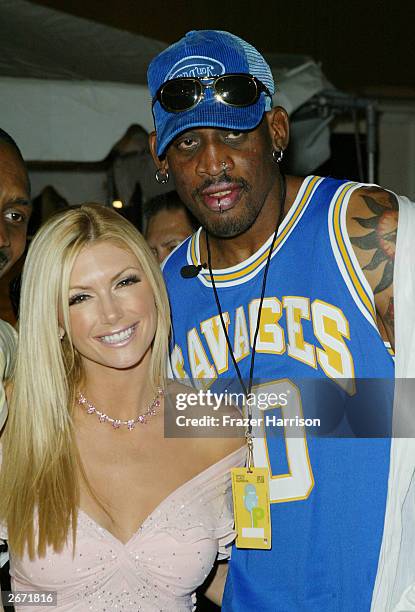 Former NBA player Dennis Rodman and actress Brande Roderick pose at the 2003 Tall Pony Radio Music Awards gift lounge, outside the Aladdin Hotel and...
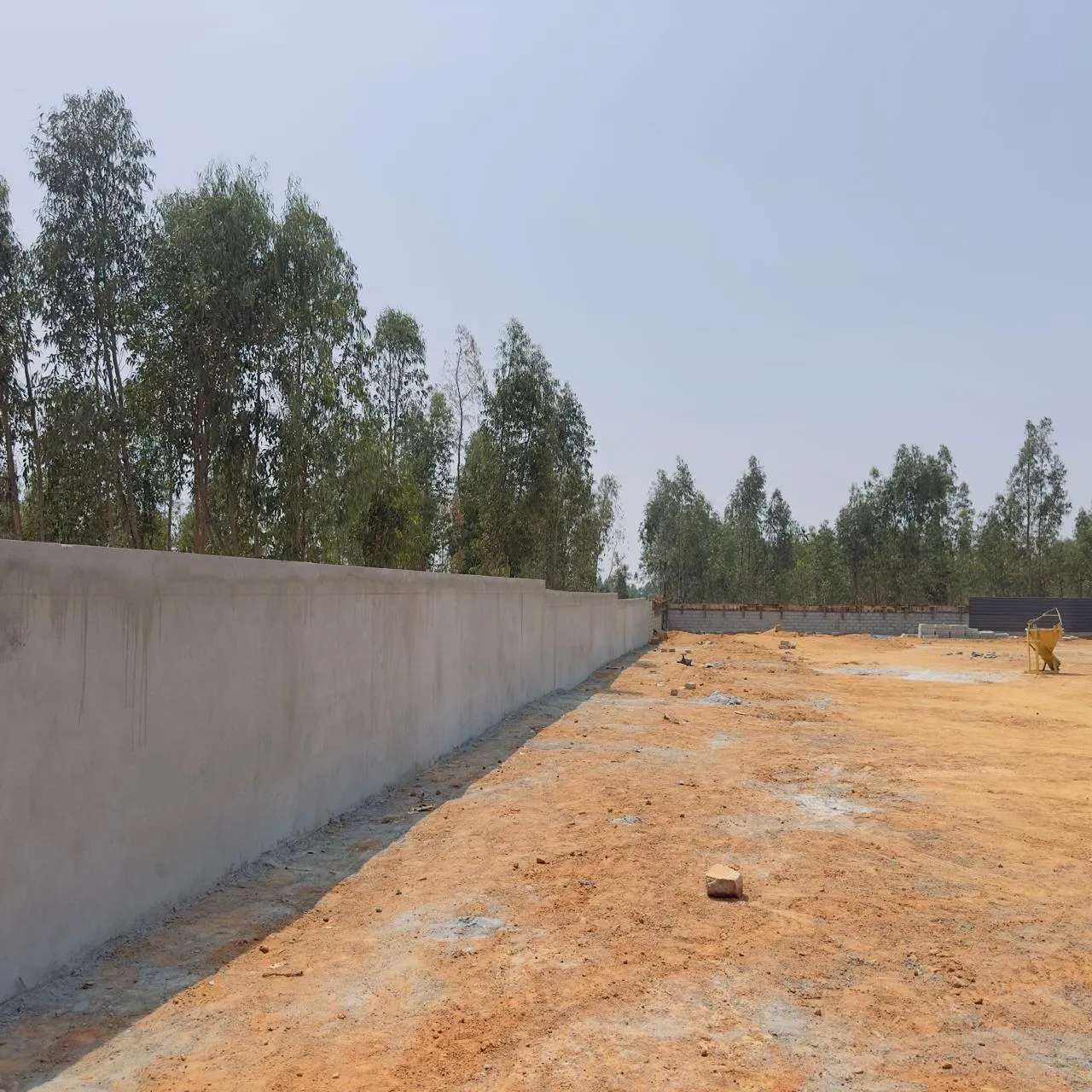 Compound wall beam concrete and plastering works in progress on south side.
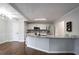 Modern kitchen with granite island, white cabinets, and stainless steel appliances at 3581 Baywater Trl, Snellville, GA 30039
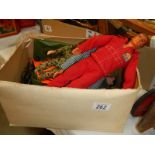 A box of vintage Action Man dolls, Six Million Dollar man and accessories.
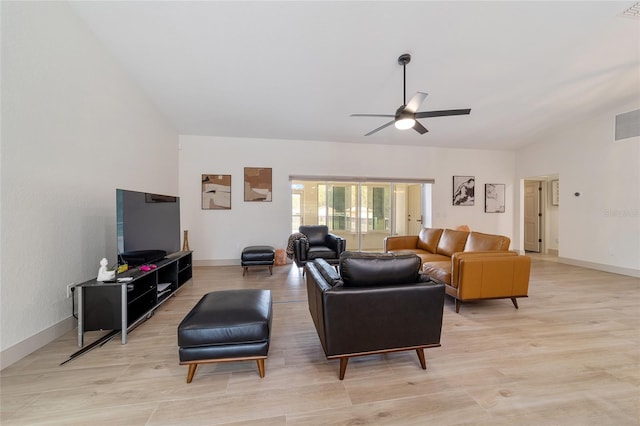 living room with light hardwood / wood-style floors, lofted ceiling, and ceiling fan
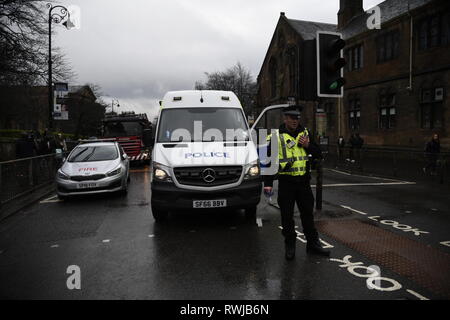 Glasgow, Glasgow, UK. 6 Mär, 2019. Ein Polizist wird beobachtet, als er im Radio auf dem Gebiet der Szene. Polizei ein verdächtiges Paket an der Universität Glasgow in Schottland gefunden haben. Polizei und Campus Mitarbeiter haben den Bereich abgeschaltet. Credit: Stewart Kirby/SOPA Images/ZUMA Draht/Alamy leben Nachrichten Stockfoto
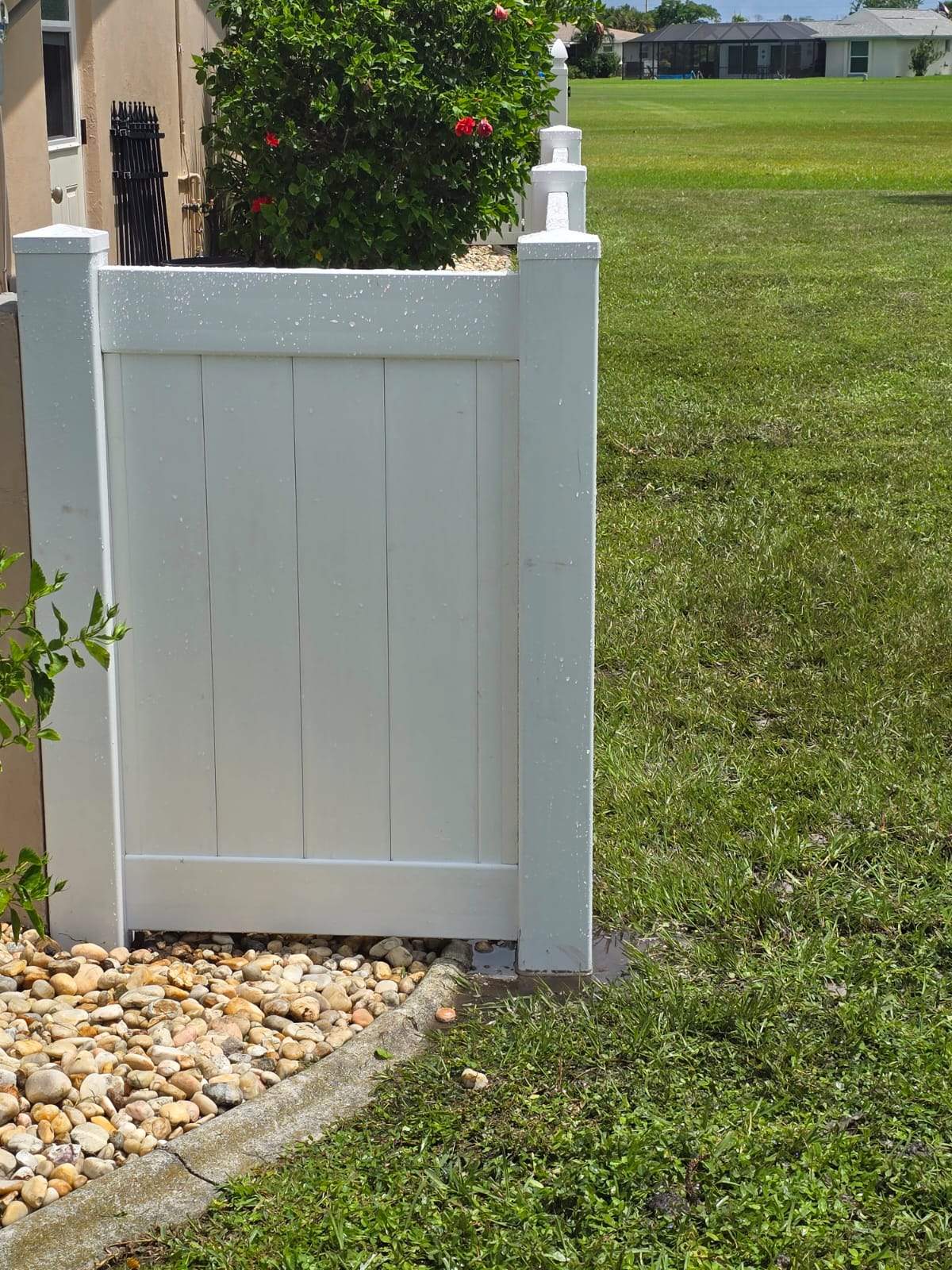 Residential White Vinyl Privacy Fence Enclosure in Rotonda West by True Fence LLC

* * * * *

## Task description
With pictures removed, write out exactly each line of the entries from the first through the line that holds "Glasgow, Glasgow, UK.".

## Output for this exercise
 Former NBA player Dennis Rodman and actress Brande Roderick pose at the 2003 Tall Pony Radio Music Awards gift lounge, outside the Aladdin Hotel and...
 Compound wall beam concrete and plastering works in progress on south side.
 Modern kitchen with granite island, white cabinets, and stainless steel appliances at 3581 Baywater Trl, Snellville, GA 30039
 A box of vintage Action Man dolls, Six Million Dollar man and accessories.
 living room with light hardwood / wood-style floors, lofted ceiling, and ceiling fan
 Glasgow, Glasgow, UK. 6 Mär, 2019. Ein Polizist wird beobachtet, als er im Radio auf dem Gebiet der Szene. Polizei ein verdächtiges Paket an der Universität Glasgow in Schottland gefunden haben. Polizei und Campus Mitarbeiter haben den Bereich abgeschaltet. Credit: Stewart Kirby/SOPA Images/ZUMA Draht/Alamy leben Nachrichten Stockfoto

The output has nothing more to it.